The 2026 State of Pets in Rental Housing Report, based on feedback from 673 property managers and leasing professionals primarily within the multifamily and single-family sectors, details the effects of pet-inclusivity in the modern rental-housing world.

While 71% of U.S. households own a pet, according to the American Pet Products Association, PetScreening data shows that only 43% of renters report owning one. This figure is nearly 30 percentage points lower than the pet ownership rate reported by housing operators, suggesting that many pets in rentals may be unauthorized or underreported. The report aims to assess reasons for the disparity and ways operators can resolve related challenges.

Trends and data in the 2026 state of pet rentals report shows pet ownership and rental cooperation are rising but challenges exist.

While the rates of pet ownership in rentals continues to rise, operational challenges persist, as operators report pet damage and unauthorized pets are among the primary issues they face at their properties.

“Despite any operational challenges, the survey underscores the clear benefits of welcoming pets at rental communities,” said John Bradford, founder and CEO of PetScreening. “When pet strategies are optimized to embrace pet-inclusivity and reflect the desires of the modern renter, the advantages become more pronounced in the form of a wider resident pool, stronger retention and increased revenue.

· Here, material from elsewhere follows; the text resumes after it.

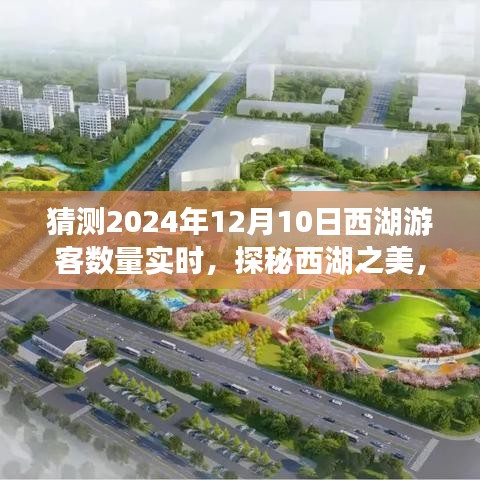 探秘西湖之美，预测2024年12月10日游客心灵之旅与实时游客数量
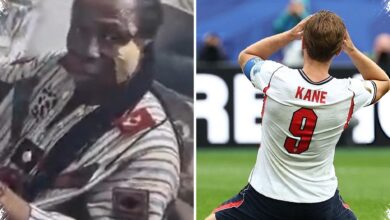 From an Octopus to a Ghanaian Shaman, 5 World Cup Predictors Put to the Test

While the industry still can make significant headway, property managers are doing a commendable job of bridging the gap.”

Some of the gap between the overall U.S. pet ownership rate and the percentage of renters who say they own pets may be attributable to unauthorized and underreported pets onsite. This highlights the importance of accurate tracking, which can help operators collect their rightful pet-related revenue and avoid potential risks associated with unauthorized pets.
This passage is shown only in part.